## [Extracted material]
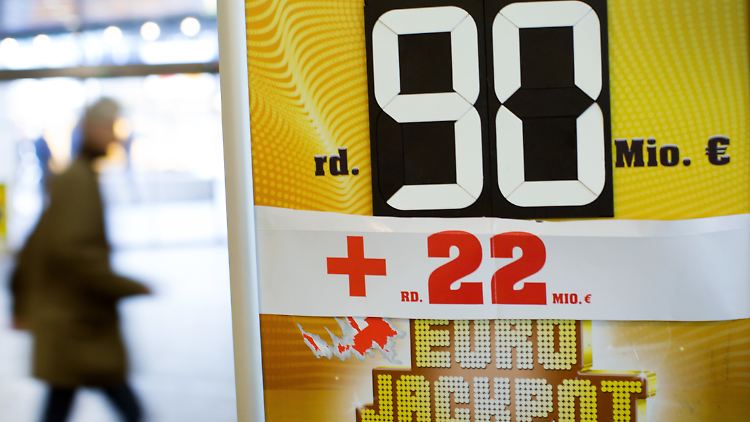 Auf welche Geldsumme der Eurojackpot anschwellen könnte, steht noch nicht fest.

---

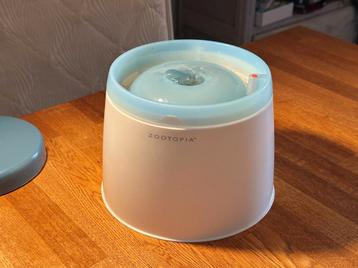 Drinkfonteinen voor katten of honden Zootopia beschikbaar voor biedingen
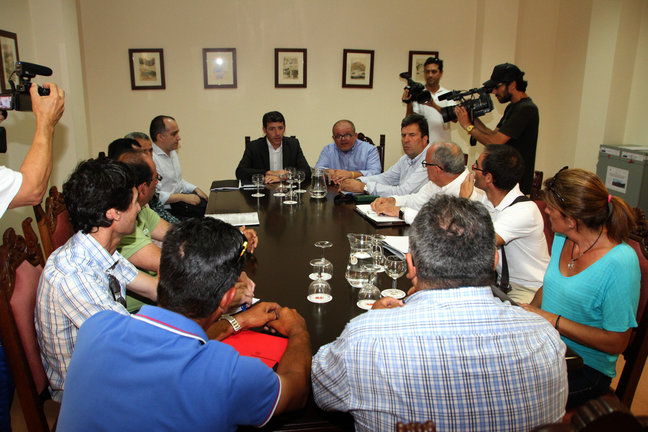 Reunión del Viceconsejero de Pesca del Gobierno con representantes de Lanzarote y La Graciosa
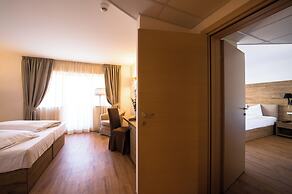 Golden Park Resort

* * *

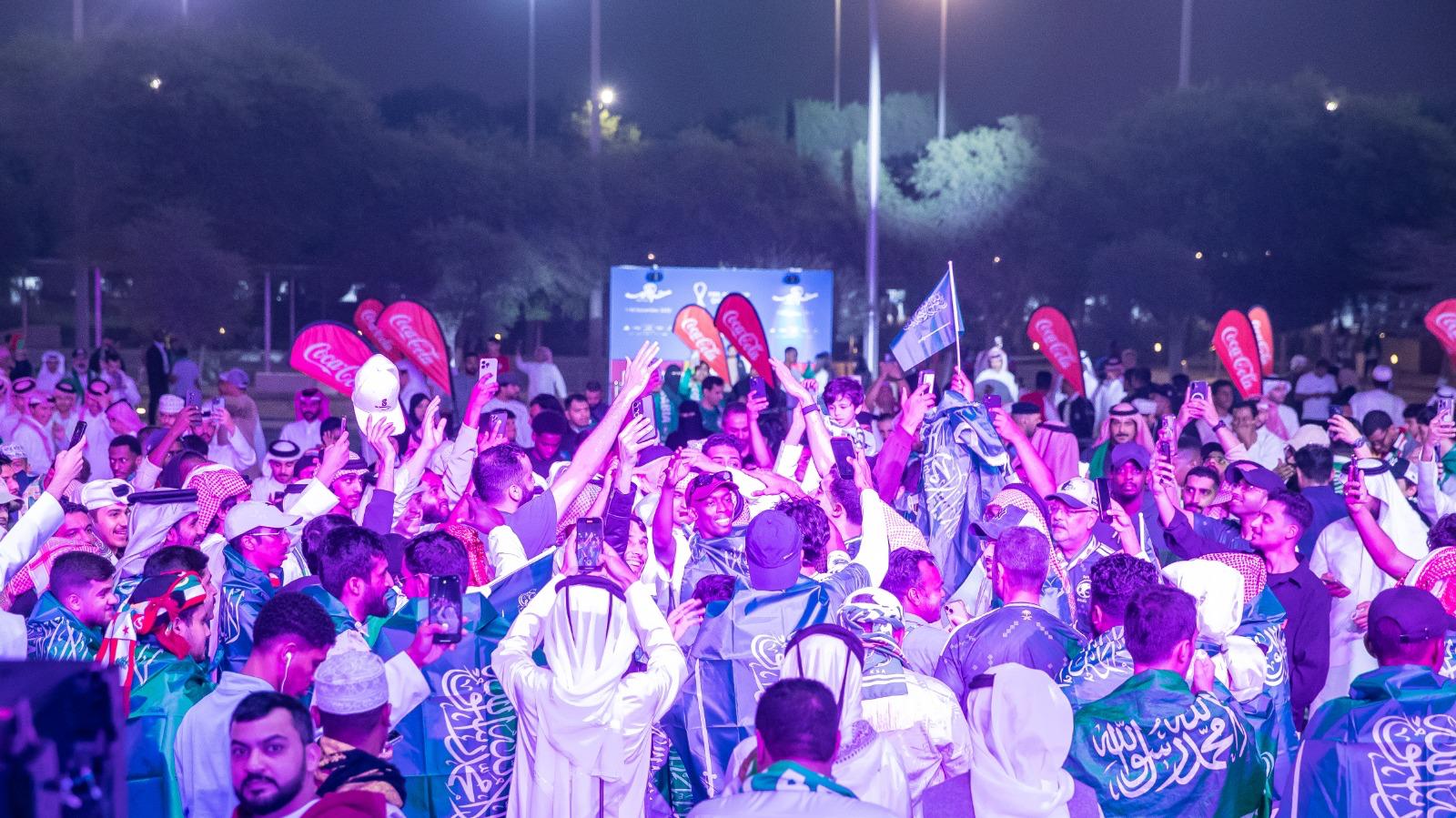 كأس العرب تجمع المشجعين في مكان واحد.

## [Problem details]
Look above for the line with "Reunión del Viceconsejero" and the line with "Golden Park Resort". Give again exactly those two lines and all lines between them, pictures excluded.

## [Finished exercise]
 Reunión del Viceconsejero de Pesca del Gobierno con representantes de Lanzarote y La Graciosa
 Golden Park Resort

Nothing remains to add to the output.